### What you have to do
Copy all lines below exactly as written. Leave pictures out.

### Dataset excerpt
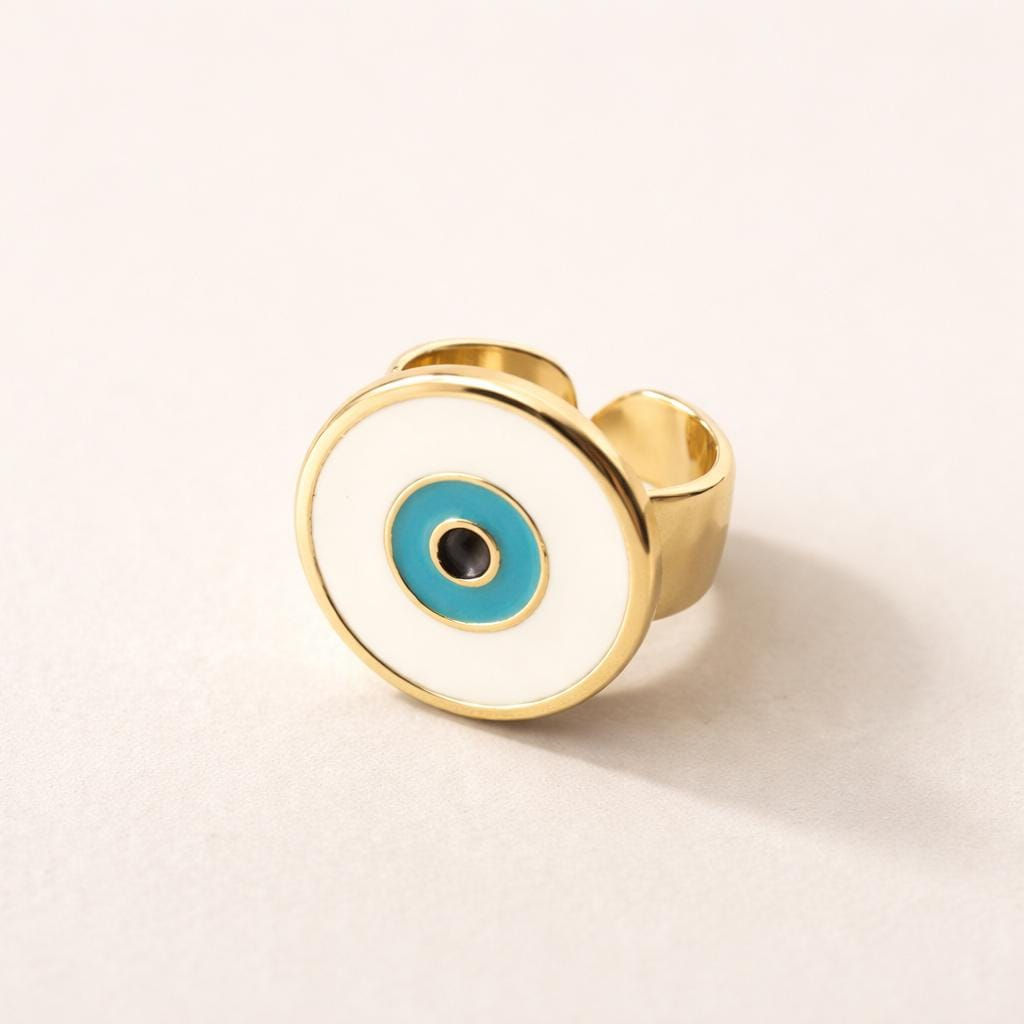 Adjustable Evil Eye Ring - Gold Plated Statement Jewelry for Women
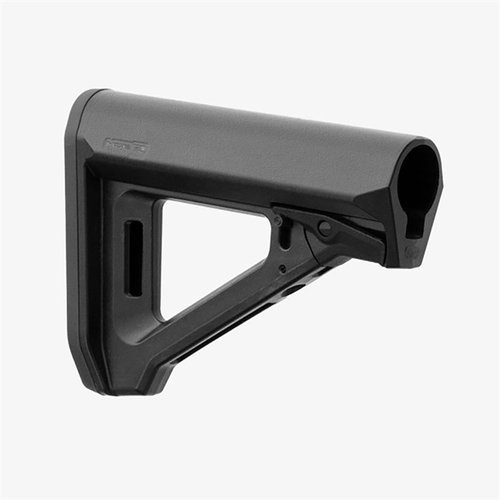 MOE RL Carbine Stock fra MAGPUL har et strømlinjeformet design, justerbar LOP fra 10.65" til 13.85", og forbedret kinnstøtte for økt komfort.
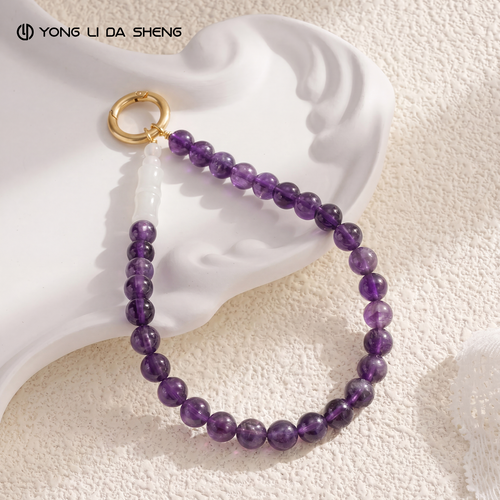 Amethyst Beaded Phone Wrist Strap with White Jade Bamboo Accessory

### Answer for the task
 Adjustable Evil Eye Ring - Gold Plated Statement Jewelry for Women
 MOE RL Carbine Stock fra MAGPUL har et strømlinjeformet design, justerbar LOP fra 10.65" til 13.85", og forbedret kinnstøtte for økt komfort.
 Amethyst Beaded Phone Wrist Strap with White Jade Bamboo Accessory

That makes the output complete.